(Captioned web images)
----------

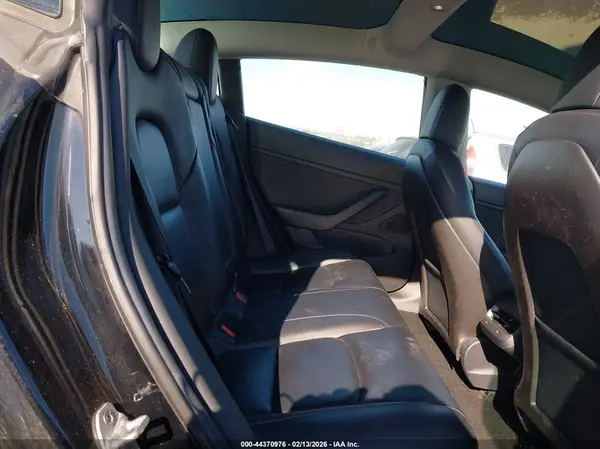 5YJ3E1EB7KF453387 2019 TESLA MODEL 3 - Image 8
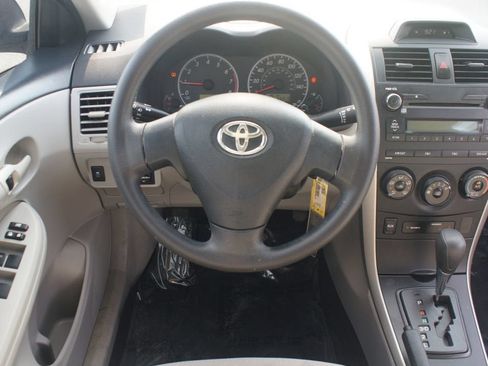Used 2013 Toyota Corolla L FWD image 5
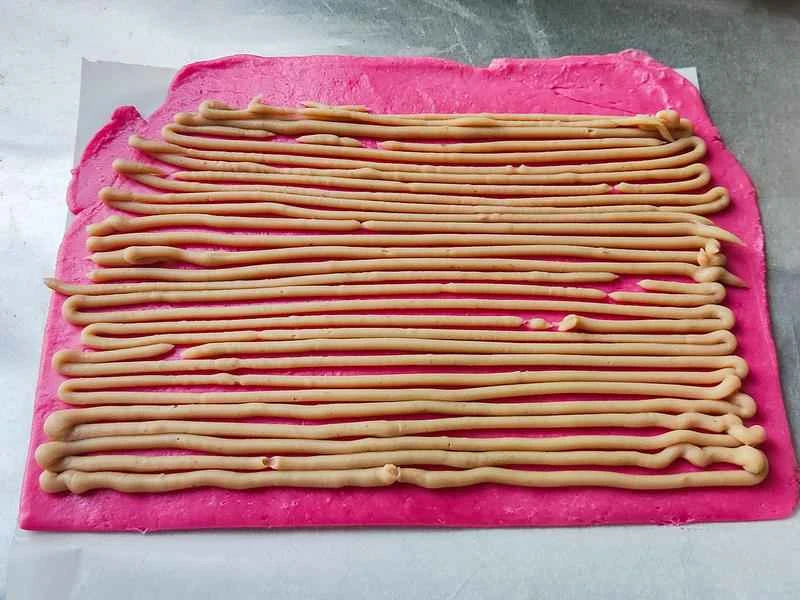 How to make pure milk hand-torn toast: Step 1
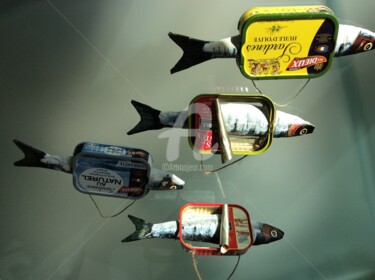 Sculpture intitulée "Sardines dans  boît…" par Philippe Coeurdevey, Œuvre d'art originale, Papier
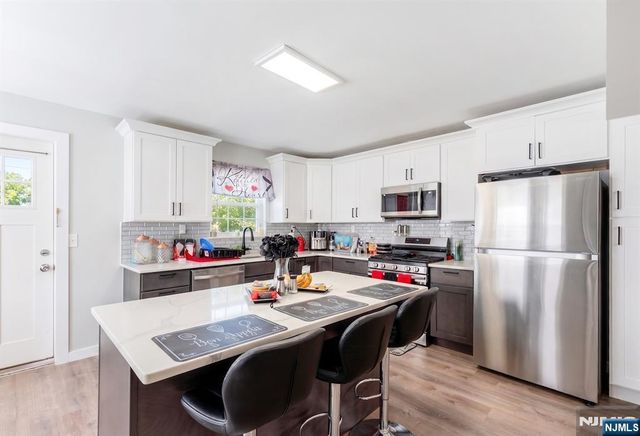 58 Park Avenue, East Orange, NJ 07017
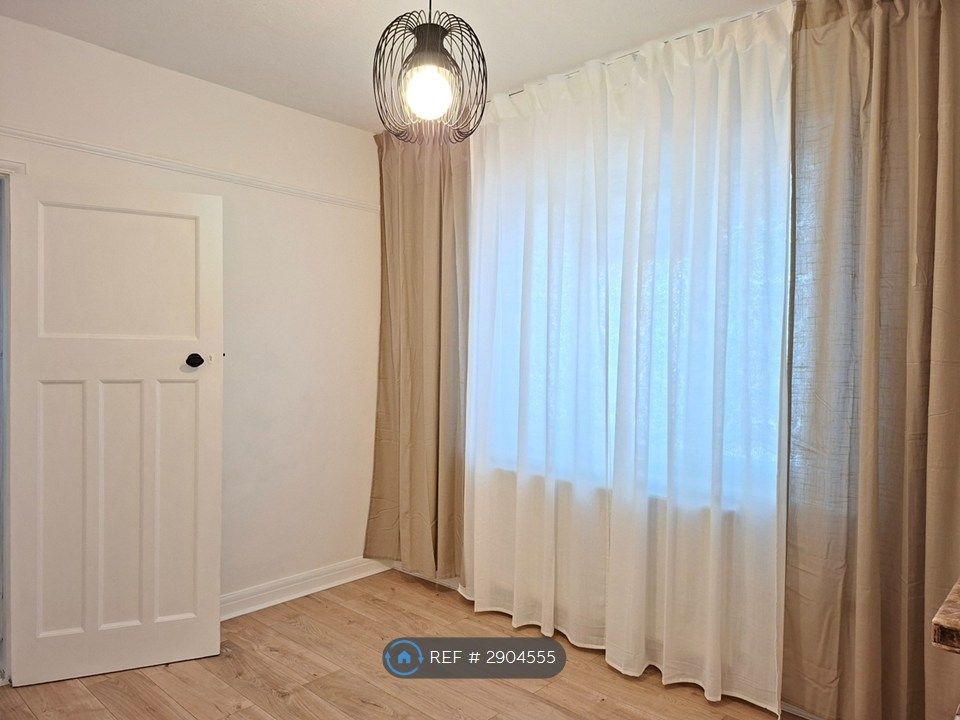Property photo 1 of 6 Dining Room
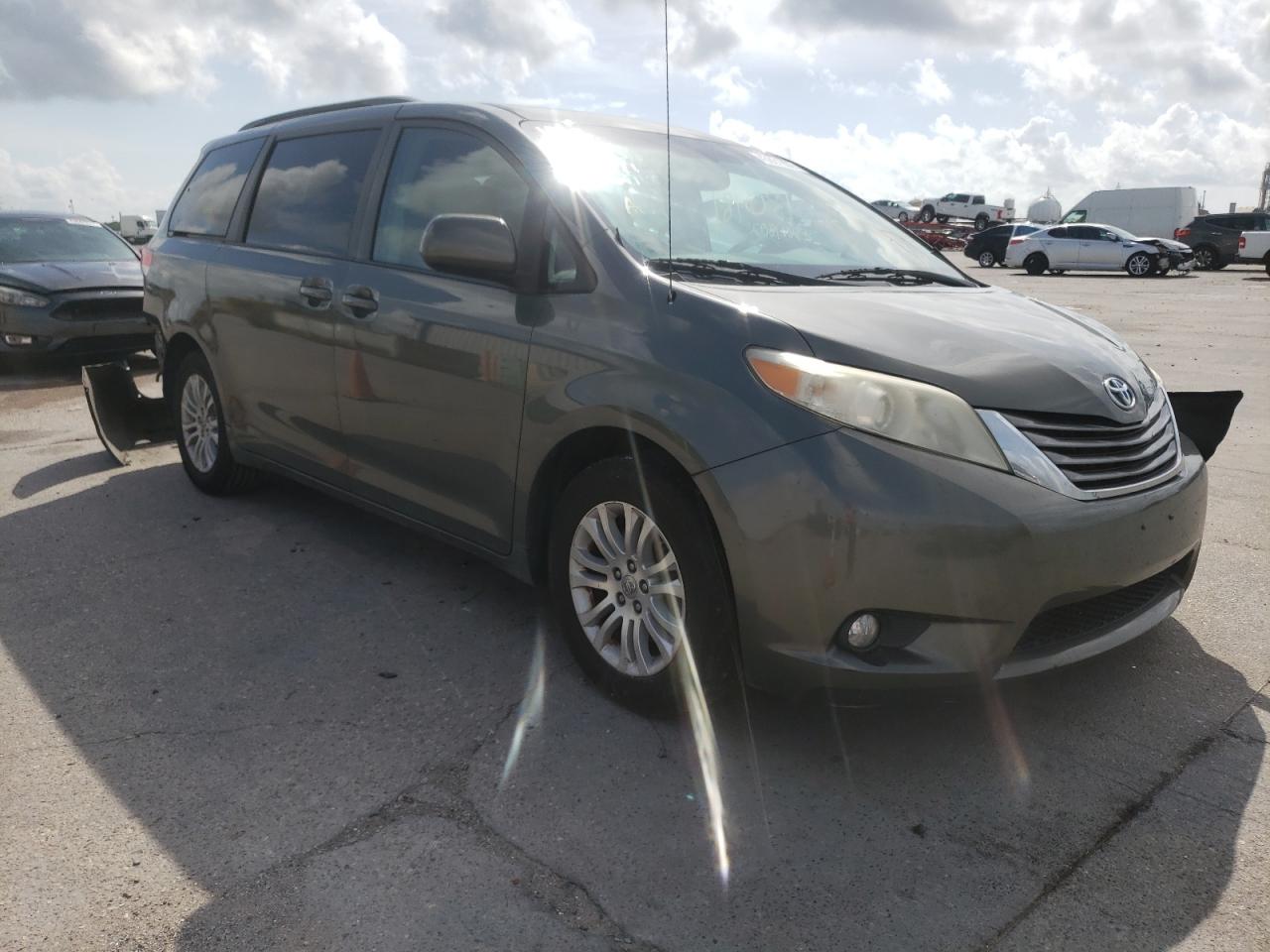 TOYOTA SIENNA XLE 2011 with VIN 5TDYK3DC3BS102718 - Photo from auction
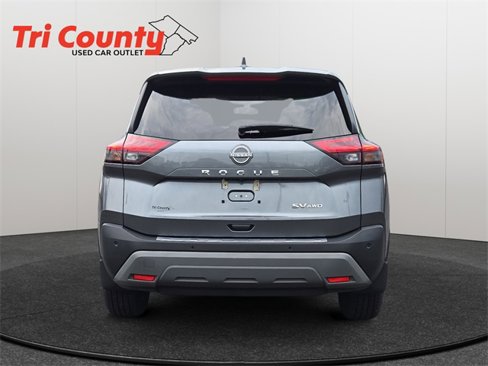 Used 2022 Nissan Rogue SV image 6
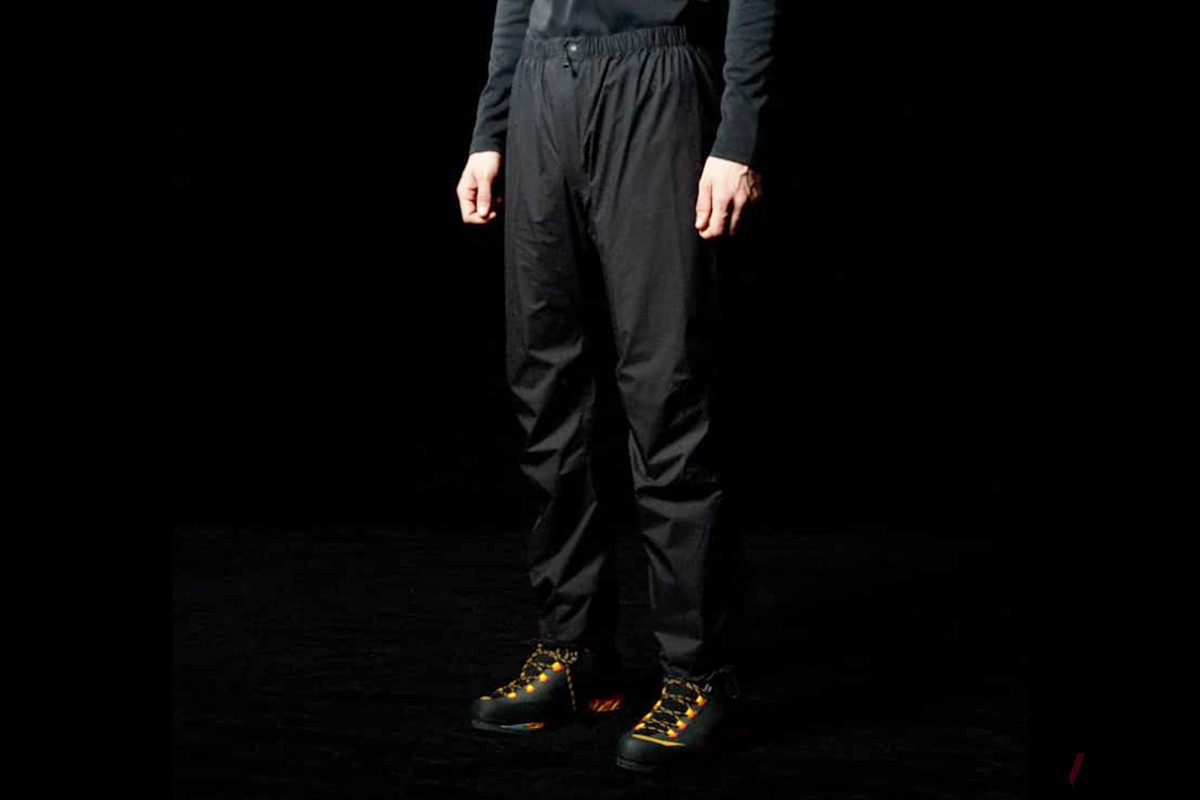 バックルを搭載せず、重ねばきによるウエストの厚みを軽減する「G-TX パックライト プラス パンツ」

----------

** WHAT IS REQUIRED **
Output exactly and only the lines from the line containing "TOYOTA SIENNA XLE" to the end of the entries, both included, and omit every picture.

** RESPONSE AREA **
 TOYOTA SIENNA XLE 2011 with VIN 5TDYK3DC3BS102718 - Photo from auction
 Used 2022 Nissan Rogue SV image 6
 バックルを搭載せず、重ねばきによるウエストの厚みを軽減する「G-TX パックライト プラス パンツ」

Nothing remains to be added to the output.